Exercise goal: Restate the listing below exactly, images excluded.

Information supplied:
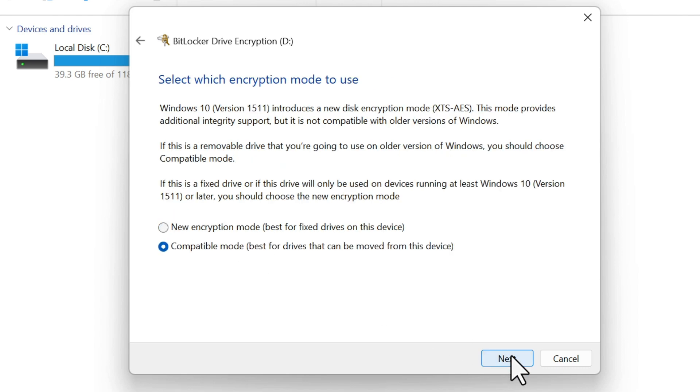Choose the encryption mode. If you'll only use this flash drive on Windows 10 or newer, go with the new encryption mode. If you plan on using it on older systems, choose Compatible mode.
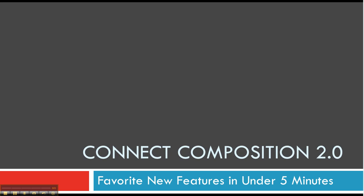Hi, it's Elisa, and I don't know if you've heard, but there's a new Connect Composition. It's called Connect Composition 2.0, and I'm going to show you my favorite features in under five minutes.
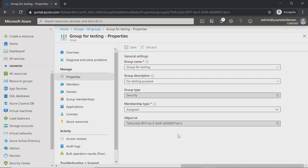Once a group is not needed anymore, you can delete the group. Please note that you can restore Office 365 groups within 30 days after deletion — the group, along with group memberships, will be restored. When deleting a security group, please make sure the group, app, and resource assignment of the group is no longer needed, because a security group cannot be restored at the moment.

Task output:
Choose the encryption mode. If you'll only use this flash drive on Windows 10 or newer, go with the new encryption mode. If you plan on using it on older systems, choose Compatible mode.
Hi, it's Elisa, and I don't know if you've heard, but there's a new Connect Composition. It's called Connect Composition 2.0, and I'm going to show you my favorite features in under five minutes.
Once a group is not needed anymore, you can delete the group. Please note that you can restore Office 365 groups within 30 days after deletion — the group, along with group memberships, will be restored. When deleting a security group, please make sure the group, app, and resource assignment of the group is no longer needed, because a security group cannot be restored at the moment.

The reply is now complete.